By Madelaine B. Miraflor
The National Food Authority (NFA), which will soon no longer be allowed to import rice, is now waiting for the delivery of the last batch of imported rice it procured last year.
A data from the state-run grains agency showed that of the rice imports contract awarded last year, a total of 1.01 million metric tons have already been delivered in the country.
To recall, NFA was authorized to procure as much as 1.25 million MT of rice through a series of government-to-government importation and open tender scheme last year. Most of this supposed needed supply, or around 750,000 MT, was only secured in the last few weeks of December.

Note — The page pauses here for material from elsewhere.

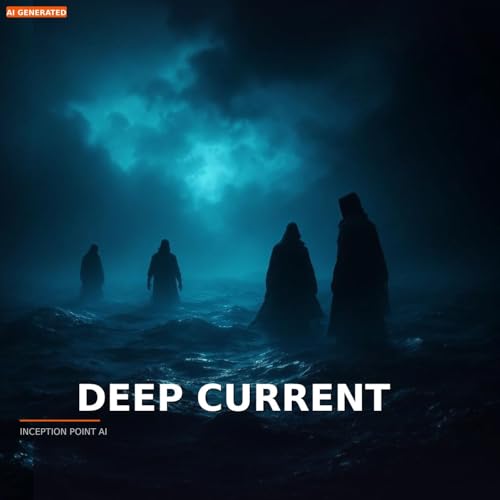 Deep Current Titelbild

NFA said that the balance of 236,196 MT of rice from last year’s importation is now in “transit and expected to arrive soon”.
“With the continued arrival of our rice imports, we are making the low-priced good quality NFA rice more accessible to more consumers across the country,” NFA acting administrator Tomas R. Escarez said.
“As rice import deliveries come on a staggered basis, through the various designated ports across the country, we deliver rice to our outlets on a first in-first out basis to avoid deterioration and ensure that what we sell are fresh stocks all the time,” he added.
As of now, NFA’s share in the rice market already went up from an average of 9.18 percent in 2018 to 11.76 percent for the month of January 2019, thanks to the imported supply that arrived and was delivered to the agency’s warehouse.
This will be the last batch of imported rice to enter the country that will pass through the supervision of NFA.
Once the Rice Tariffication Bill is either signed by President Rodrigo Duterte or lapsed into law by February 17, NFA will no longer have regulatory functions and will only be allowed to boost its stocks through local palay procurement.
There are now groups asking Duterte to veto the bill, saying that leaving rice importation to the ‘open market’ will be dangerous.
The Rice Tariffication Law, according to Federation of Free Farmers, will “practically remove all” restrictions on rice imports and will allow any importer to bring in unlimited volumes of rice from abroad and and at any time, even if local farmers are harvesting.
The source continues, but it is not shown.